Lawmakers in New York have passed a bill to limit disasters caused by artificial intelligence. According to the bill, the state wants to prevent AI models created by firms like OpenAI, Google, and Anthropic from contributing to disaster scenarios.

According to the bill, these scenarios include the death or injury of more than 100 people or more than $1 billion in damages or losses. The bill, known as the RAISE Act, represents a win for movements pushing AI safety. The movements have lost steam in the last few years as Silicon Valley and the Trump administration have continued to prioritize speed and innovation.

Advocates focused on safety, including Nobel laureate Geoffrey Hinton and AI research pioneer Yoshua Bengio are behind the RAISE Act. If it eventually gets signed into law, the bill would establish the first set of legally mandated transparency standards for leading artificial intelligence labs in the United States of America.

New York considers RAISE Act to limit AI-fueled disasters

The RAISE Act has some of the same provisions and goals as the controversial AI safety bill SB 1047 in California, which was eventually vetoed.

However, a co-sponsor of the RAISE Act, New York State Senator Andrew Gounardes, mentioned in an interview that he designed the bill in a way that it doesn’t stifle innovation among startups or academic researchers, a common criticism the SB 1047 faced. “The window to put in place guardrails is rapidly shrinking given how fast this technology is evolving,” said Senator Gounardes.

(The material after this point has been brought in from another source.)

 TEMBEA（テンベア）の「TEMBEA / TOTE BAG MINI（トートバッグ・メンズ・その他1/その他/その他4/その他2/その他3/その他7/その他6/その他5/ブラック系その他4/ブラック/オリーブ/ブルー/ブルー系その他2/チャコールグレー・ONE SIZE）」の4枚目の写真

The senator also said that most of the people who are well-versed in the AI sector have also recognized these risks, a development he called “alarming.” Meanwhile, the RAISE Act is now on its way to the desk of New York Governor Kathy Hochul, where she could either sign it into law or send it back for amendment. Another option would be for her to veto the bill, which is likely.

If it is eventually signed into law, the RAISE Act will require some of the biggest AI labs in the world to publish safety and security reports on their frontier AI models. The bill also mandates AI labs to report safety incidents concerning AI model behavior or bad actors stealing an AI model, if it happens.

If tech companies fail to live up to these standards, the RAISE Act empowers New York’s attorney general to bring civil penalties of up to $30 million against them.

RAISE Act seeks to regulate AI labs

The RAISE Act was designed to regulate the largest AI firms globally, including those based in California like OpenAI and Google, and those based in China, like DeepSeek and Alibaba. The requirements of the bill include a mandatory clause that applies to companies that used more than $100 million in computing resources to train their AI models and are available to residents in New York.

Although similar to SB 1047 in some ways, the RAISE Act addresses some of the previous AI safety bills.

For example, no clause requires AI model developers to have a kill switch on their models nor does it hold companies that post-train their models accountable for critical harms. Nevertheless, there has been pushback on the New York bill, according to co-sponsor of the RAISE Act, New York State Assembly member Alex Bores. He called the resistance unsurprising but added that the RAISE Act will not limit the developmental prowess of tech companies in any way.

“The NY RAISE Act is yet another stupid, stupid state-level AI bill that will only hurt the US at a time when our adversaries are racing ahead,” said Andreessen Horowitz general partner Anjney Midha in a Friday post on X.

Andreessen Horowitz and startup incubator Y Combinator were in fierce opposition to SB 1047. In addition, Anthropic co-founder Jack Clark also shared his grievances over how broad the RAISE Act is, noting that it could present risks to smaller firms.